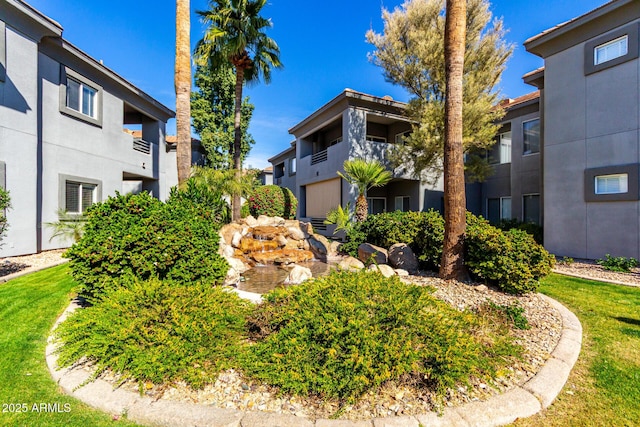 view of yard with a residential view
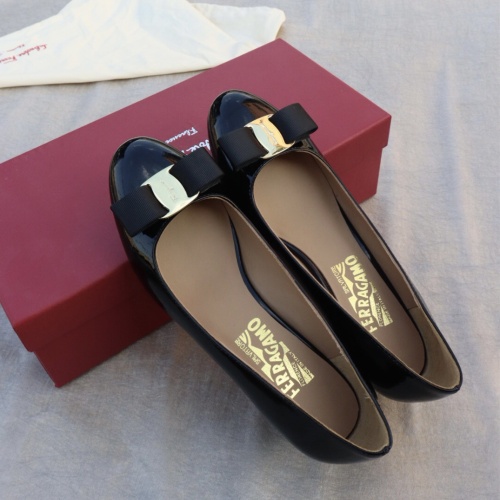 Replica Salvatore Ferragamo Flat Shoes For Women #1099049 $96.00 USD for Wholesale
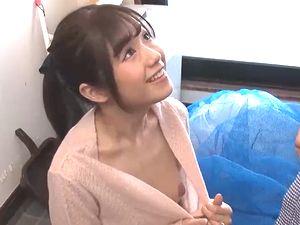 胸チラ！ノーブラ・ノーパン美人妻がｷﾀ！童貞を誘惑して他人棒をフェラ、素股、騎乗位、バック、中出し筆おろし！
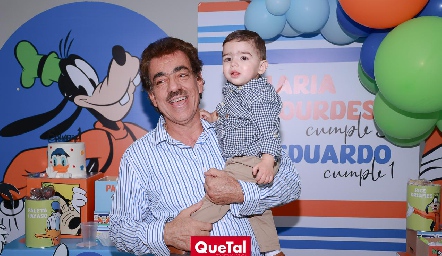  Gabriel Torres con su nieto Eduardo Martínez.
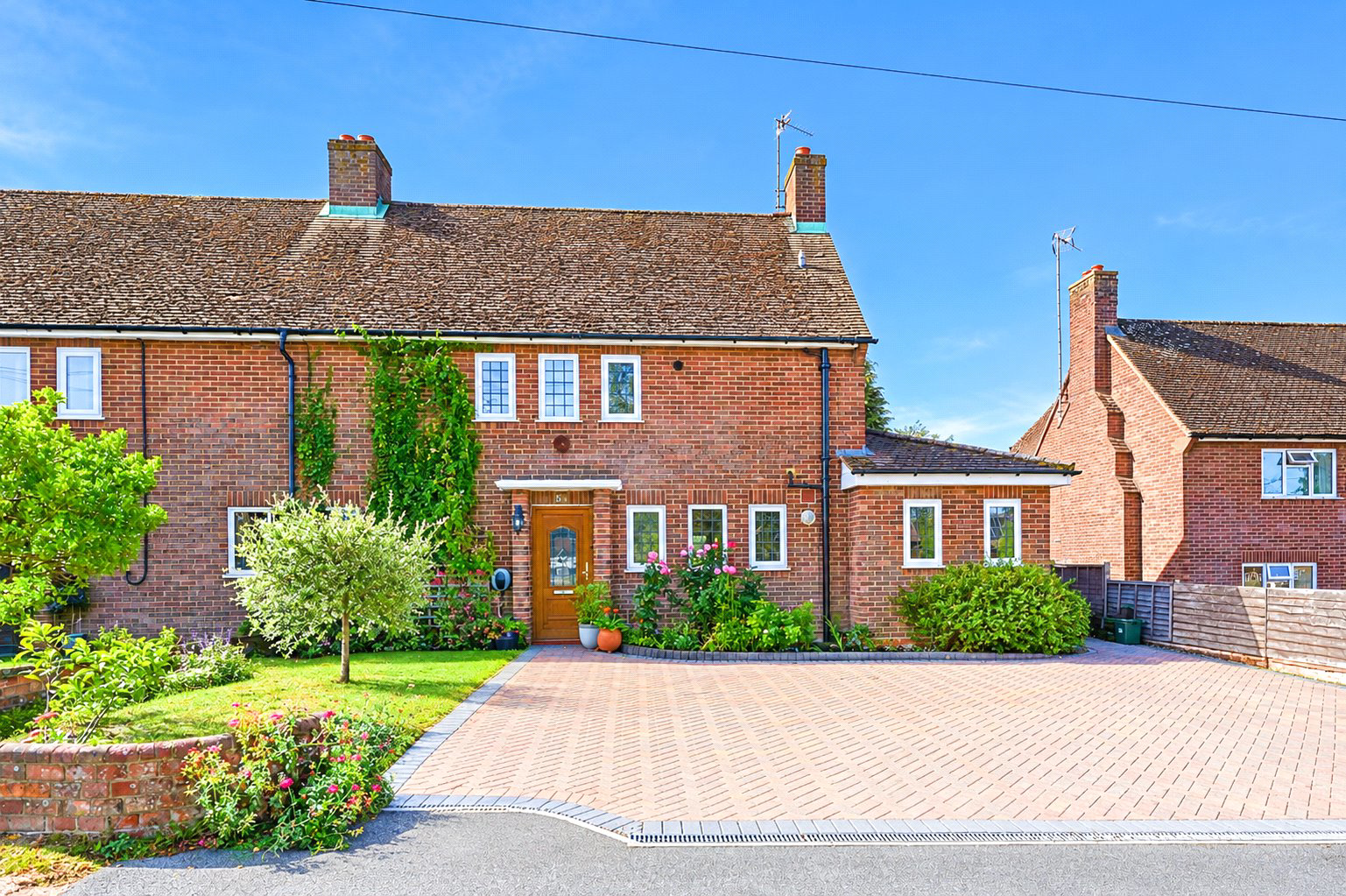 Sandy Lane, Hartley Wintney, Hook, Hampshire, RG27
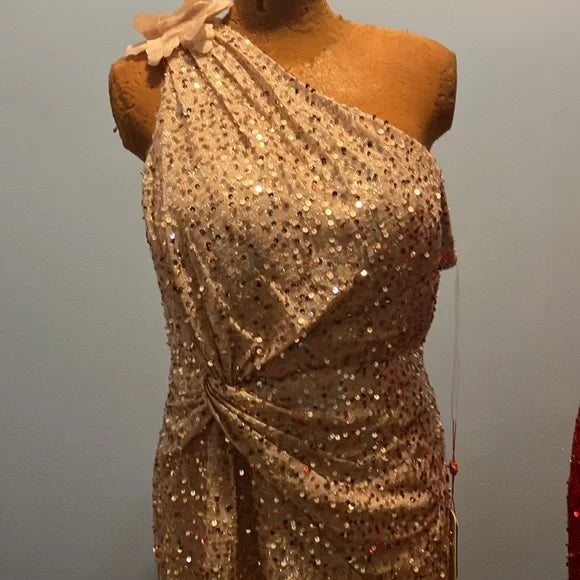 Elegant Gold Long Sleeve Women's Dress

Your assignment: Your task is to repeat exactly the lines from the one containing "Replica Salvatore Ferragamo" through the end of the material, both included, and only those, without pictures.

Answer box:
 Replica Salvatore Ferragamo Flat Shoes For Women #1099049 $96.00 USD for Wholesale
 胸チラ！ノーブラ・ノーパン美人妻がｷﾀ！童貞を誘惑して他人棒をフェラ、素股、騎乗位、バック、中出し筆おろし！
  Gabriel Torres con su nieto Eduardo Martínez.
 Sandy Lane, Hartley Wintney, Hook, Hampshire, RG27
 Elegant Gold Long Sleeve Women's Dress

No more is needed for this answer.